The Royal Sultanate of Sulu and North Borneo isn’t much to look at. It’s a two-story house in a ramshackle Manila neighborhood where beggars jostle for sidewalk space with elderly ladies selling baskets of dried fish and teenagers running photocopier stalls.

OB-WS726_sultan_D_20130318065317James Hookway/The Wall Street Journal

Jamalul Kiram III, the 74-year-old self-declared Sultan of Sulu, has made a centuries-old claim to the Malaysian state of Sabah.

But this is the operations hub for Jamalul Kiram III, the 74-year-old self-declared Sultan of Sulu whose audacious attempt to enforce his family’s centuries-old claim to the Malaysian state of Sabah has so far claimed over 70 lives, and put his tiny kingdom at the center of Asia’s confusing and deadly mosaic of overlapping territorial claims.

“Everybody knows I’m the rightful owner of Sabah. All we want is for Malaysia to recognize it, too,” Mr. Kiram said during a break in discussions with supporters here recently.

Wearing a bright sarong and a grubby “I Love Kuala Lumpur” T-shirt, he explained that he doesn’t really want to govern Sabah. Rather, he says he just wants the same status accorded to other sultans in Malaysia, such as the Sultan of Johor or Sultan of Perak – and some money to help him lead a royal lifestyle.

So, last month Mr. Kiram dispatched around 200 followers, many of whom were heavily armed, to make the short hop from his ancestral stamping grounds in the Sulu archipelago of the southern Philippines to Malaysia-controlled Borneo.

Celia Kiram, the self-declared sultan’s wife, signs for the receipt of a subpoena from the Philippines’ National Bureau of Investigation to help with their inquiries.

After a lengthy stand-off in a coastal village, Malaysian security forces launched air strikes and sent in ground troops to flush out the intruders. In the following days, 62 Filipinos, nine Malaysian security personnel and one civilian were killed in clashes while governments in Kuala Lumpur and Manila scrambled to contain the political fallout in both countries. Malaysian Prime Minister Najib Razak, with an election due soon, said he had to act swiftly to protect Malaysia’s territorial integrity, and many of the Kiram family’s supporters are still on the run in Sabah as Filipino prosecutors wonder whether they can charge Mr. Kiram with violating any Philippine laws.

As bizarre as all this seems, Mr. Kiram’s quest isn’t as Quixotic as claiming to be the rightful monarch of, say, France.

OB-WS730_sultan_D_20130318071311The Royal Sultanate of Sulu and North Borneo is in a ramshackle Manila neighborhood.

Despite having no formal political power, the Sultanate of Sulu commands considerable respect among many Muslim Filipinos. In the past, it helped unify warring tribes in the fractious southern Philippines. The family also believes it has a legitimate claim to Sabah, after the Sultan of Sulu granted the territory to the Kirams in 1704 in return for helping to crush a rebellion, and the Philippine government has never fully relinquished its claim, either.

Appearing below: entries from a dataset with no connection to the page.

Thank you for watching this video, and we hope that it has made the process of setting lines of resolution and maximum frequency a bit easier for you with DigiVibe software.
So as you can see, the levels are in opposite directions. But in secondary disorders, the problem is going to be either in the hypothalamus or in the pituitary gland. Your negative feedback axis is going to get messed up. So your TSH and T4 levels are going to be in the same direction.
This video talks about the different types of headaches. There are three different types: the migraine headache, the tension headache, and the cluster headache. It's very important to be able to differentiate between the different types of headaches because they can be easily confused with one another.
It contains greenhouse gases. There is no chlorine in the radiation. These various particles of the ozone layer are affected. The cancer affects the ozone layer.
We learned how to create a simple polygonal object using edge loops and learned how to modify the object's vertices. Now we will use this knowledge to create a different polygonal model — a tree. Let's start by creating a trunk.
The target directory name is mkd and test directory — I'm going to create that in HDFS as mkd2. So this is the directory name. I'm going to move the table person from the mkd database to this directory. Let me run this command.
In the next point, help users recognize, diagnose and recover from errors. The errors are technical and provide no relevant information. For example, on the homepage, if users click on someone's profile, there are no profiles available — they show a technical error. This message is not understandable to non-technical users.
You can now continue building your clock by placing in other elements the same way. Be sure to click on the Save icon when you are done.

Looking on at the carnage from his crumbling Manila home, Mr. Kiram reckons his mission has partly succeeded. Among other things, the Sabah invasion has helped put his family’s claim back on the international map alongside other disputes, such as a border row between Thailand and Cambodia and China’s tussles with Vietnam and other countries over which nation controls parts of the South China Sea.

The Philippine government, meanwhile, says it is now examining how it can revive the Sabah claim peacefully. “I have a responsibility to dissect history in search of these truths, and from there, to lay down the direction that our country will take as regards Sabah – a direction that I guarantee you will not involve the use of violence,” President Benigno Aquino III said Monday.

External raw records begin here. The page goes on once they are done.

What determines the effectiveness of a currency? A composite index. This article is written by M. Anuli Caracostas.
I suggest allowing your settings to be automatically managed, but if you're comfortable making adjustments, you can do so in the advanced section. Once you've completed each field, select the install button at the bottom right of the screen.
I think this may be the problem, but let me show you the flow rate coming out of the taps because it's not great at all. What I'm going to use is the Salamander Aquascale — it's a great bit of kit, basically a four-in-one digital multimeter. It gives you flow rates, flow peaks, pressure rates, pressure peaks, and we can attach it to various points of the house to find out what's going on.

And as far as Mr. Kiram is concerned, it’s not a moment too soon.

Family members say Mr. Kiram is running out of time. He undergoes kidney dialysis at least twice a week at a cost of $120 per session. The 5,300 ringgit, or about $1,700, that the Malaysian government pays his family each year in an archaic form of rent doesn’t come close to covering it, and his poor health is depleting his savings.

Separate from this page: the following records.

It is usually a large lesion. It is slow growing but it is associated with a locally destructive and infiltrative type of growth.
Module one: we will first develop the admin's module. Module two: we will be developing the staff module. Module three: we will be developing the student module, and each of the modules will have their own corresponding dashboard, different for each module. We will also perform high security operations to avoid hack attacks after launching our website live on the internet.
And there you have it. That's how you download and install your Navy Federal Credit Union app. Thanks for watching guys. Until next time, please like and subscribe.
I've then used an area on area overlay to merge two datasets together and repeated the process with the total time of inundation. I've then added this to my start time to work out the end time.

His siblings are also aging – an important consideration given that the line of royal succession in the Sulu sultanate passes from brother to brother like in Saudi Arabia, rather than father to son, as in Britain. The brother commanding the Sabah invasion and now on the run, for instance, is 70-year-old retired woodwork teacher Agbimuddin Kiram.

“A lot of us want to see something happen now before it is too late,” says Celia Kiram, the sultan’s wife. “We’ve made proposals to Malaysia and to Malacanang,” she said, referring to the Philippines’ presidential palace. “But nothing has happened.”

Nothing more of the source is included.